What to work on: For the listing below, print exactly the lines from the line with "CARHARTT WIP Антрацитовые" to the line with "Commercio all'ingrosso di", both included, and nothing beyond them.

Supplied data:
*** Block opens ***
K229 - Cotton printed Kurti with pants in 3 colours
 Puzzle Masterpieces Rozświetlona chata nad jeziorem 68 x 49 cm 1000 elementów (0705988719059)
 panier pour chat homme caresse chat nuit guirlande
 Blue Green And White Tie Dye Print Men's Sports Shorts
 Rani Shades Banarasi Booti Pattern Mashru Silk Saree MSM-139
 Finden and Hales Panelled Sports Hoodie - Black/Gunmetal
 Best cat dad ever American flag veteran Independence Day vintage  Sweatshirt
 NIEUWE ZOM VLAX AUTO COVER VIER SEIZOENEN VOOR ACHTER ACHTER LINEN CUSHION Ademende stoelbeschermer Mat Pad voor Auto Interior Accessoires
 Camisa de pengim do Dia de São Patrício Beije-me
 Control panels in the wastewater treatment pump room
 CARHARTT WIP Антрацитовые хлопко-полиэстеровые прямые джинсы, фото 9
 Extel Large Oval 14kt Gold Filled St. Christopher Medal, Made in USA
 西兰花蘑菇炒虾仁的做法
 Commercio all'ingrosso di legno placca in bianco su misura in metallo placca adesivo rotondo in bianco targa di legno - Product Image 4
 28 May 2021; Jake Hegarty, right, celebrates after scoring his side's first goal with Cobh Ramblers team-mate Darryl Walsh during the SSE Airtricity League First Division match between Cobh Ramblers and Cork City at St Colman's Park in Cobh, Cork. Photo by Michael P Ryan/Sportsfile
*** Block closes ***
Solution:
 CARHARTT WIP Антрацитовые хлопко-полиэстеровые прямые джинсы, фото 9
 Extel Large Oval 14kt Gold Filled St. Christopher Medal, Made in USA
 西兰花蘑菇炒虾仁的做法
 Commercio all'ingrosso di legno placca in bianco su misura in metallo placca adesivo rotondo in bianco targa di legno - Product Image 4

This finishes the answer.